From the standing menu surface the usual seafood suspects -- rockfish, halibut, salmon -- with some nice enhancements. Lump crab is scattered atop the rockfish fillet, which gets welcome color from a fine succotash of corn, red pepper and grilled asparagus. And halibut is kept moist beneath a thin cover of corn bread crumbs. Its real asset, though, is the buttery tomato sauce that pools around the fish. Crab cakes are similar to what you find at O'Learys: very good. Jumbo lump crab is bound with eggs and mayonnaise, revved up with coarse mustard and a dash of vanilla, and pan-fried.
The seafood stew known as cioppino isn't gutsy enough for anyone who has had the pleasure of meeting the dish on its home turf in San Francisco; the tomato-and-wine broth merely whimpers when it should belt out a tune. And if turf is your preference, focus on the tender pork ribs, presented with a brick-colored barbecue sauce that is at once sweet and smoky. Grilled rack of lamb, on the other hand, yields surprisingly little flavor and is outperformed by its base of soft white beans, carrots and onion jazzed up with fresh rosemary. Chef Bauer reaches out to the "everyday" crowd with a hamburger and pizzas that are better than fast food, but the pizza is no match for the region's best pies; the most interesting one brings together shrimp, feta cheese and olives on a crisp round of baked dough.

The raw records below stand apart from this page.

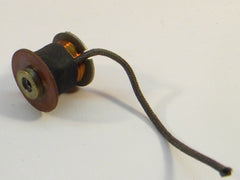 LIONEL 140-19 BANJO SIGNAL OPERATING COIL ASSEMBLY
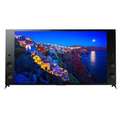 Sony KD-55X9300C 55 inch 4K (Ultra HD) 3D LED Price In India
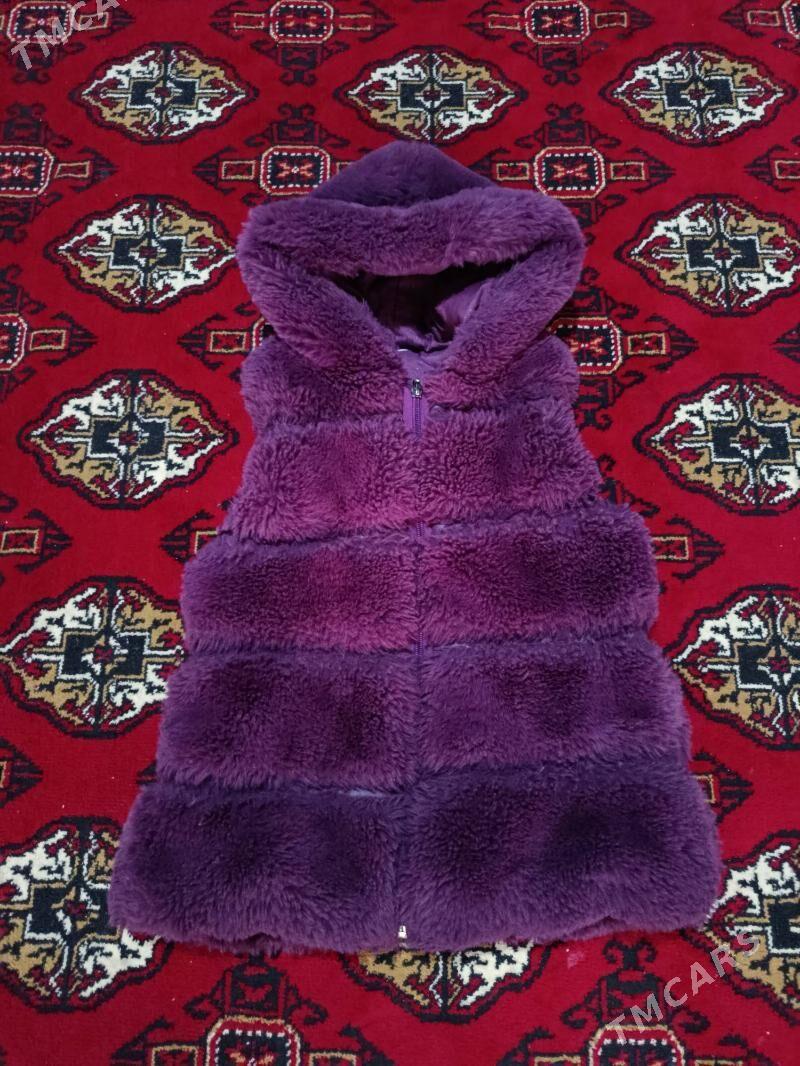 suba yensiz - Wekilbazar - img 2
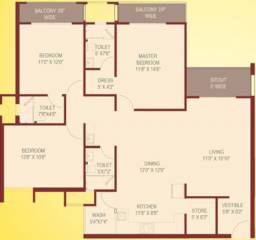 Floor Plan pride-2 Floor Plan Floor Plan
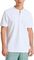 T-SHIRT POLO FUNKY BUDDHA FBM011-005-11 ...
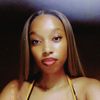 whois0kuhle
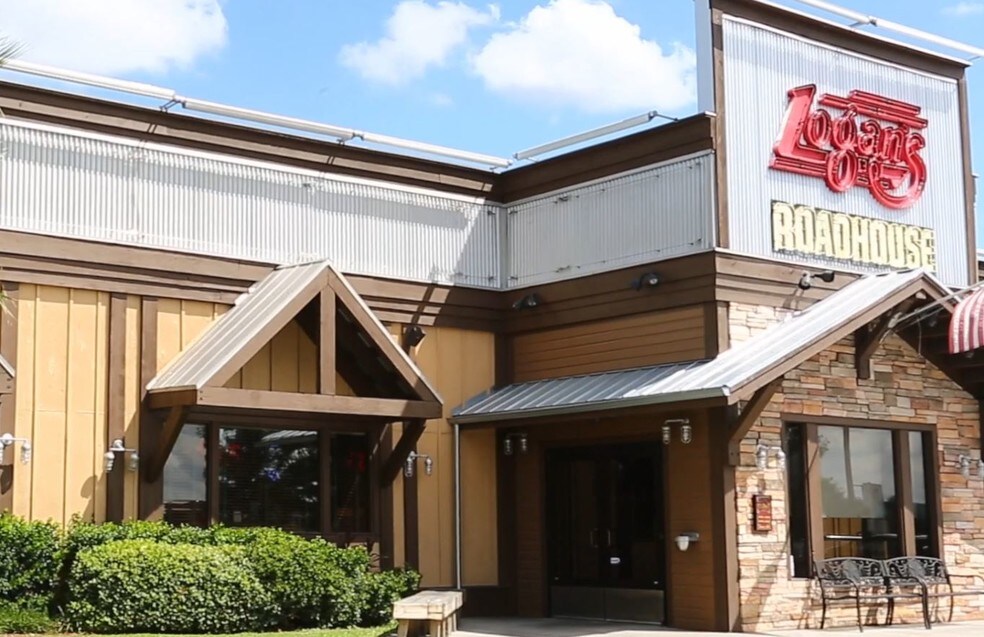 Is Brookhollow/Inwood a Good Place To Live in Houston? Neighborhood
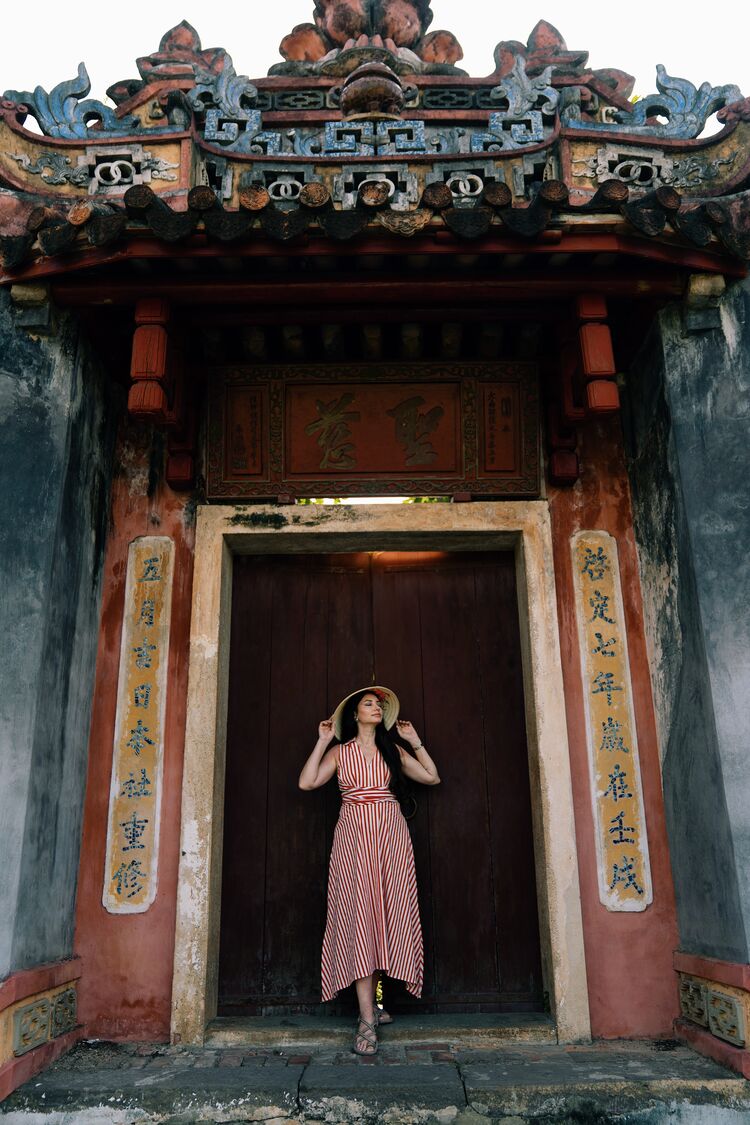 ���� 53185756 ������� Olga, 41 ���, ���� ���������� � ������������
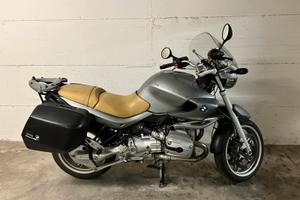 Bmw r-1150r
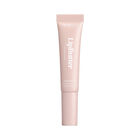 Skin Lip Butter image number null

The wine list follows the lead of the menu, offering a little something for every taste -- plenty of familiar labels, good stuff from mostly big producers. But why no pinot noir for less than $50, no merlot under $45? Meanwhile, eight bucks gets a bruncher a "bottomless" bloody mary or mimosa. The pricing doesn't always make sense. As with a lot of upscale restaurants these days, beer gets a half-page of fame at Rockfish, which offers 10 brews on tap, including Belgium's complex Chimay Triple.
Like a steakhouse, this restaurant offers a collection of side dishes to round out a meal. The selections read as if a Southern mama had a hand in their making. Fried green tomatoes are more coating than vegetable, unfortunately, but corn pudding is a model of simple good taste; the surface of the custardy dish is lightly browned, and each kernel of corn bursts with sweetness. Sauteed spinach is a bit bland, but the greens are better for the crunchy pine nuts and dried cranberries mixed in. Green beans take a smoky hit from bacon, and coleslaw is refreshingly sweet with bits of pineapple. All the side dishes are large enough to share.
There's no compelling reason to stick around for the third course. Apple spice cake resembles a muffin you might find behind glass at Starbucks, and an armor of dull pastry entombs the fruit in a blackberry-sour cream croustade. The best offering is probably the sufficiently tart Key lime curd served in a thin cookie shell. Chances are, you'll be too full to forge beyond a second plate of food anyway. (My favorite finish is a walk across the bridge.)
The chef's principal partners in Rockfish are the guys behind three eating establishments in Georgetown's Washington Harbour complex: Cabanas, Nick's Riverside Grille, and Tony and Joe's Seafood Place -- all of which are better known for their drinks and their views than for their cooking. Perhaps that perception will change; Bauer says he has been asked by his teammates to rework the menus of those waterfront restaurants. Even a little Rockfish would go a long way to improving the trio.